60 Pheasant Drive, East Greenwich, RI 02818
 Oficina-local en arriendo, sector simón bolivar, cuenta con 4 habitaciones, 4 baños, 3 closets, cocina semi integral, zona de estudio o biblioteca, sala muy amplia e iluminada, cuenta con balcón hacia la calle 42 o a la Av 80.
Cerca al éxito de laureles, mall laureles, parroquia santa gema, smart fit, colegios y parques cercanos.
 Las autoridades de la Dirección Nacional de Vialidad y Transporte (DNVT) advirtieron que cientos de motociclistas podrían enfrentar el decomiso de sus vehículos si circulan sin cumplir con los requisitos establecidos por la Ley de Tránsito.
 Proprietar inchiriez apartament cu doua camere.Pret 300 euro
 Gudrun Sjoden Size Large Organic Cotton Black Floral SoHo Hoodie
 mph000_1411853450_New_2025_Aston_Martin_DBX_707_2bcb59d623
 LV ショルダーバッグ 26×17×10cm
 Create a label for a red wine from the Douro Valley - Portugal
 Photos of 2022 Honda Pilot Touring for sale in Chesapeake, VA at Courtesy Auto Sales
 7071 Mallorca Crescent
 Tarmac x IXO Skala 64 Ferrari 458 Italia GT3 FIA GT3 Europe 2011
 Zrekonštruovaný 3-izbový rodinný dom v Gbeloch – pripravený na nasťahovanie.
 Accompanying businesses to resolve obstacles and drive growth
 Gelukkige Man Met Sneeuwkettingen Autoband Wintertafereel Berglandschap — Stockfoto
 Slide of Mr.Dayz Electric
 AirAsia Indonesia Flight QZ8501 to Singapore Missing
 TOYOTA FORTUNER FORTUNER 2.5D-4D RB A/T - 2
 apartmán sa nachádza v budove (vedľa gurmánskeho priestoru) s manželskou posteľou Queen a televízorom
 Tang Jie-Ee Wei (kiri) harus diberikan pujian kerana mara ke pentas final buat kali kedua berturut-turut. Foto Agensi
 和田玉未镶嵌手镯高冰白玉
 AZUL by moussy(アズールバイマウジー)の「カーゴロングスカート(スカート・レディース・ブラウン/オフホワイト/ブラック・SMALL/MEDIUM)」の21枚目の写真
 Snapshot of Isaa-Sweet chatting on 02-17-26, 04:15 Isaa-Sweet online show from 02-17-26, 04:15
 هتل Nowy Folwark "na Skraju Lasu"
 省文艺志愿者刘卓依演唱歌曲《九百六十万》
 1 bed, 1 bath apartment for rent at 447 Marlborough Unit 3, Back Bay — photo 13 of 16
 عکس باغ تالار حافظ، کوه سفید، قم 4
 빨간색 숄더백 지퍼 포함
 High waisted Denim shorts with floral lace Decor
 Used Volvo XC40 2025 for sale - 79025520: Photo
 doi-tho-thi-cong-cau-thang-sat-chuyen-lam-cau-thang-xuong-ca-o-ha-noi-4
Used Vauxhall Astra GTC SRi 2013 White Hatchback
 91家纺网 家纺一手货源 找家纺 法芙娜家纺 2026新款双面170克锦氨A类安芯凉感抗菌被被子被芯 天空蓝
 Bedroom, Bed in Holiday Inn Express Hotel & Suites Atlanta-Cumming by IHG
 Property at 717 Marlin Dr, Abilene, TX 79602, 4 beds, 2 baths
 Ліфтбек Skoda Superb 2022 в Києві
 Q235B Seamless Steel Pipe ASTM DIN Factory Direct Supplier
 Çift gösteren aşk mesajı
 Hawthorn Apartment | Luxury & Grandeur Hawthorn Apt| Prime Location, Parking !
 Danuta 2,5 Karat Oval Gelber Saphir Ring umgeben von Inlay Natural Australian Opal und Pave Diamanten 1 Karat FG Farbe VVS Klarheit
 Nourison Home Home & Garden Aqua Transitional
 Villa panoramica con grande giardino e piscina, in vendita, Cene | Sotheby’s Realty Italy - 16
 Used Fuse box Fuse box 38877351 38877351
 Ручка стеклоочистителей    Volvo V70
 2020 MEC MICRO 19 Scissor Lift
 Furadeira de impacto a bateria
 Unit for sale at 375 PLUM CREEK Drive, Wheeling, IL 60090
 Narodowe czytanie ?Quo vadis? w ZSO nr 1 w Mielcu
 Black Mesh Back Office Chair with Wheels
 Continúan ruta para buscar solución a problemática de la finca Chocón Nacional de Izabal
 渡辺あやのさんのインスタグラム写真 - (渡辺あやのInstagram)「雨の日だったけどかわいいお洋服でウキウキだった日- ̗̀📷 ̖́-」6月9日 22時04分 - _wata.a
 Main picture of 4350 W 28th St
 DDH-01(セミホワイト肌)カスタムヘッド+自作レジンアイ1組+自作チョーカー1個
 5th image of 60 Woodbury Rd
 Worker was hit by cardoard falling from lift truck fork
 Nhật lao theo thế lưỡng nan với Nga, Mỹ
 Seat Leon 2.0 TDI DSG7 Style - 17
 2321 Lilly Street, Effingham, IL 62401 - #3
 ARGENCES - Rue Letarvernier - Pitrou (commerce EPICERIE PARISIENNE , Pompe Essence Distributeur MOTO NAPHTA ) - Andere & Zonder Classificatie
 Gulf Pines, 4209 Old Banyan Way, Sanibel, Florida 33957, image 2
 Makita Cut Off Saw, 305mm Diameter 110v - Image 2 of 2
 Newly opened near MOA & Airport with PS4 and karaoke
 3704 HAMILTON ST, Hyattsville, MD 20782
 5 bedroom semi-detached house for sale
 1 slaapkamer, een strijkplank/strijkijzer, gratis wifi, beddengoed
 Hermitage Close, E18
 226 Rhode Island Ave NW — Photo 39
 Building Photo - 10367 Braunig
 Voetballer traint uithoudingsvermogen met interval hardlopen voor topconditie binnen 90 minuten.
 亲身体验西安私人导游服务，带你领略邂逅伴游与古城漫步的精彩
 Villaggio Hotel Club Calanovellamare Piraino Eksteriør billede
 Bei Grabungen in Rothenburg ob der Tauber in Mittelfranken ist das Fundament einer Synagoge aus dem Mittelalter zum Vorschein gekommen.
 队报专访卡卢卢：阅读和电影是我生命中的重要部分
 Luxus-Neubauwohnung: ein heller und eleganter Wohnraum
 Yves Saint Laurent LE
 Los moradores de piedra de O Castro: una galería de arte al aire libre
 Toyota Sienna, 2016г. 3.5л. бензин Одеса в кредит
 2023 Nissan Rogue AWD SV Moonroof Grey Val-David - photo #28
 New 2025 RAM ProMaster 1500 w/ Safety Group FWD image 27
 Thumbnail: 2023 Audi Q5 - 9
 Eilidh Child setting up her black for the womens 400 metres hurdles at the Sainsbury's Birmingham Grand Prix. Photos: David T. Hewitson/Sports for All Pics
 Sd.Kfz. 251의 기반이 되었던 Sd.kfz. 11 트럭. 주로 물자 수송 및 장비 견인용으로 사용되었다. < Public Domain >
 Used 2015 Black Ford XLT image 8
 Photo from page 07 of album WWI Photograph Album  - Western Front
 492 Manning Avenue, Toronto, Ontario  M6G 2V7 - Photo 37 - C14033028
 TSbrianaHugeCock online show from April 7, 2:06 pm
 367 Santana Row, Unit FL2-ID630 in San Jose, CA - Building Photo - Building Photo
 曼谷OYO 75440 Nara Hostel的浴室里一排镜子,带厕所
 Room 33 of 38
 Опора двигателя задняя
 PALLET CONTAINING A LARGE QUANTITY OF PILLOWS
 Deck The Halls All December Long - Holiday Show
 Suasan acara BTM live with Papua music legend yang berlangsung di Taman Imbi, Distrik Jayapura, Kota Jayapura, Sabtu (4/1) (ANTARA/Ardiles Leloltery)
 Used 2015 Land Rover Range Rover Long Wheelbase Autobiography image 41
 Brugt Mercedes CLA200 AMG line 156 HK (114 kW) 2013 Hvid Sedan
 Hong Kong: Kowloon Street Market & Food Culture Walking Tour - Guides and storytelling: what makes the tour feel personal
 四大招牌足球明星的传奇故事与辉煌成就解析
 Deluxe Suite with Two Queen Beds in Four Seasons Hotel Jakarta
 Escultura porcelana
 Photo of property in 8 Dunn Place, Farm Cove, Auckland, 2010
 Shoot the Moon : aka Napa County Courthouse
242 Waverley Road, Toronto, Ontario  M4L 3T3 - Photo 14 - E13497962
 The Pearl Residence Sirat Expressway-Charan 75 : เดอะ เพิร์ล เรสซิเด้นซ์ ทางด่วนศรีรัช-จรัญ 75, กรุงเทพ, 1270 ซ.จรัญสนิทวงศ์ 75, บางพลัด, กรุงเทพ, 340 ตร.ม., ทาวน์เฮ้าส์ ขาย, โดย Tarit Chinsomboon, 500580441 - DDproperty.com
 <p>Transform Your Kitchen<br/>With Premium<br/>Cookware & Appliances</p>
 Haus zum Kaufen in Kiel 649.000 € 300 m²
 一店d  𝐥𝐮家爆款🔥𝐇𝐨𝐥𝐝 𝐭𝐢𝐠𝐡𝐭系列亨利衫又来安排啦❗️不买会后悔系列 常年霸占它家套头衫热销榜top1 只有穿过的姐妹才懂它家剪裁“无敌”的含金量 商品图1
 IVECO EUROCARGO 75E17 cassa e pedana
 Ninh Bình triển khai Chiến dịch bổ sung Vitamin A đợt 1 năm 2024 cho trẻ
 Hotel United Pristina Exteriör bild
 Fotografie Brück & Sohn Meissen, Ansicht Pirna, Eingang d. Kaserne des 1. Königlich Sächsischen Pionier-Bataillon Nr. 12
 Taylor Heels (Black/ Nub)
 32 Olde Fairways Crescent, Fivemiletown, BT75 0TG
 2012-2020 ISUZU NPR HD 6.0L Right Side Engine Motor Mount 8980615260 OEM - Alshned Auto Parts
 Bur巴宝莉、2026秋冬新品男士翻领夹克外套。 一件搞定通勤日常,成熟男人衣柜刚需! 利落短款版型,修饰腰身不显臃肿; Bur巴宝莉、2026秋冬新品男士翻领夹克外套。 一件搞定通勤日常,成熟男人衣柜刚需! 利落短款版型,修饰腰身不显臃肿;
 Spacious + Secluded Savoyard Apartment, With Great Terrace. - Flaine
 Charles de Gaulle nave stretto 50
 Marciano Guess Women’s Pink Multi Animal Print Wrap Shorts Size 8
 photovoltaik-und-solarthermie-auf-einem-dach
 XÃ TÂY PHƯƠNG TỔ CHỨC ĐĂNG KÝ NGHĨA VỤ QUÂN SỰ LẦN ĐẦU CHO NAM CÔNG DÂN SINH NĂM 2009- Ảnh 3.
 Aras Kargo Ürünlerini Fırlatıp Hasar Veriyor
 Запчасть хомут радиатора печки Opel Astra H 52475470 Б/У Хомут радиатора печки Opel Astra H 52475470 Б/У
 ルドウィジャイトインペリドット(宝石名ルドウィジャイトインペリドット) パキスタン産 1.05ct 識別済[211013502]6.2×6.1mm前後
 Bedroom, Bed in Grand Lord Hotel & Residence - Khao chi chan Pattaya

◆ The problem
Among the records above, extract exactly the lines from the line with "Aras Kargo Ürünlerini Fırlatıp Hasar Veriyor" to the line with "ルドウィジャイトインペリドット(宝石名ルドウィジャイトインペリドット) パキスタン産 1.05ct", both lines included, and leave out the rest.

◆ Answer section
 Aras Kargo Ürünlerini Fırlatıp Hasar Veriyor
 Запчасть хомут радиатора печки Opel Astra H 52475470 Б/У Хомут радиатора печки Opel Astra H 52475470 Б/У
 ルドウィジャイトインペリドット(宝石名ルドウィジャイトインペリドット) パキスタン産 1.05ct 識別済[211013502]6.2×6.1mm前後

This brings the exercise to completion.